Last of a five-part series
See also Will U.K. leaving E.U. mean leaving animal welfare behind?, Farmed animals & the Brexit “diet plan,” Farmed animals & money talks and What Brexit means for “pet passports” & lab animals.
LONDON, U.K.––When Britannia ruled the waves, when the sun never set on the British Empire, Rudyard Kipling in 1894 published The Jungle Book, in which the hero Mowgli’s father introduced The Law of the Jungle, governing animal and human relations: “Ye may kill for yourselves, and your mates, and your cubs as they need, and ye can, but kill not for pleasure of killing, and seven times never kill Man.”
Already there was the Victorian paradox that Britain was renowned and self-celebrated as a nation of animal lovers, yet dreaded by animal advocates everywhere else.
Even as the United Kingdom introduced humane societies modeled on the Royal SPCA worldwide, sometimes building them on the ruins of much older Buddhist, Jain, and Hindu humane institutions, British soldiers, sailors, entrepreneurs and colonists likewise exported trophy hunting, dogfighting, fox hunting, egg collecting, vivisection, and recreational taxidermy.
Built ivory trade
As a deliberate project of the Empire, Britain built railroads across Africa to facilitate the international ivory trade. Having long ago escaped from control by the British Commonwealth, the ivory trade now threatens elephants in both Africa and Asia with widespread extirpation and perhaps even extinction.

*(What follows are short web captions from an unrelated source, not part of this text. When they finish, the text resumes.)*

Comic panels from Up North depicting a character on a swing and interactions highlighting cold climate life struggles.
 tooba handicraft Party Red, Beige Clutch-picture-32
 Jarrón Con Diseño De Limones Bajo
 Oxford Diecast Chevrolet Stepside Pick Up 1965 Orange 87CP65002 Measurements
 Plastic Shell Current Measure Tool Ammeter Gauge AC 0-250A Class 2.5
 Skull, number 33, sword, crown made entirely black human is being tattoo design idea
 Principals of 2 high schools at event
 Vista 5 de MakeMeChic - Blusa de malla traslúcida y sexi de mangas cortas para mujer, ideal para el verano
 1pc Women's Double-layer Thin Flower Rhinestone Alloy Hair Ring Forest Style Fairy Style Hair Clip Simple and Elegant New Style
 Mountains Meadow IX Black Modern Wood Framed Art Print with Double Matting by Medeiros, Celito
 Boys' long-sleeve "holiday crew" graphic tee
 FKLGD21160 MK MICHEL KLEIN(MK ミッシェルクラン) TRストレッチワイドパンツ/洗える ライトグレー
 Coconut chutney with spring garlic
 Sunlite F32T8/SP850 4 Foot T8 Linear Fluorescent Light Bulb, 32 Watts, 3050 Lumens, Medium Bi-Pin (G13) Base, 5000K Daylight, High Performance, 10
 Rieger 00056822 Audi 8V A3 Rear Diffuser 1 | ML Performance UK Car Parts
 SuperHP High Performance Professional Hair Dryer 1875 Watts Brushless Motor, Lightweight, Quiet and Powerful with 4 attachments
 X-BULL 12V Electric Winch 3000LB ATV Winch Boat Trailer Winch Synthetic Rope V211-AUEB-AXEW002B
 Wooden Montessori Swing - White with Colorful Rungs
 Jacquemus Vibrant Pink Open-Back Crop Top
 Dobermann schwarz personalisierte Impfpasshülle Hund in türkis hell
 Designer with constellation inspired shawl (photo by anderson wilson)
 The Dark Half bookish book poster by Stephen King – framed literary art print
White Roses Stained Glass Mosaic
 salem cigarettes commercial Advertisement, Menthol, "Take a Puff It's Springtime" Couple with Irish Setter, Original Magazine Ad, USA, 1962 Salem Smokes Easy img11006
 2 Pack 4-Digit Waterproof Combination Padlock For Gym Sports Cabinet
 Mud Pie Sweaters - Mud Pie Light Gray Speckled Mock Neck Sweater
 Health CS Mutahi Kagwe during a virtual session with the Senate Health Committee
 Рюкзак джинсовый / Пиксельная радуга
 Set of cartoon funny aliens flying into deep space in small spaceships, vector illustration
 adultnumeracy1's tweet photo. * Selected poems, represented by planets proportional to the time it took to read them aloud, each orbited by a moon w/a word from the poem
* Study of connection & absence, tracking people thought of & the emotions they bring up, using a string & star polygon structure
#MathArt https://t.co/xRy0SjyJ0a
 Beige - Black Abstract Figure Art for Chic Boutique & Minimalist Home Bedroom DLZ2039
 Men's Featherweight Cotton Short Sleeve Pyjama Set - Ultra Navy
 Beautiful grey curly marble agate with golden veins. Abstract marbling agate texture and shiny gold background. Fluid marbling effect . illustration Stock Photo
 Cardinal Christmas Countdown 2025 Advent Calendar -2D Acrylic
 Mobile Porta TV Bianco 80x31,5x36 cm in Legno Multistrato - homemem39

African lions the Ghost and The Darkness after both were shot in 1899 to facilitate building a railway to haul ivory across Kenya to the port of Mombassa.
Almost any crime against animals and nature that either the U.S. or China might be accused of, in short, may fairly be said to have had a British precedent, albeit that some of those crimes also had precedents extending back through the eras of Spanish conquest and Imperial Rome.
Treaties have U.K. origins
But, in fairness, international treaties and conservation projects meant to protect and restore wildlife and habitat also have substantial British origins, and the United Kingdom still has outsized influence within most, perhaps all of the global entities working on behalf of wildlife.
Within the European Union, explains the Royal SPCA briefing paper on what the proposed British exit from the E.U. might mean for animals, “Eleven laws covering wildlife fall into two areas: those that are part of international treaties and those that are not.”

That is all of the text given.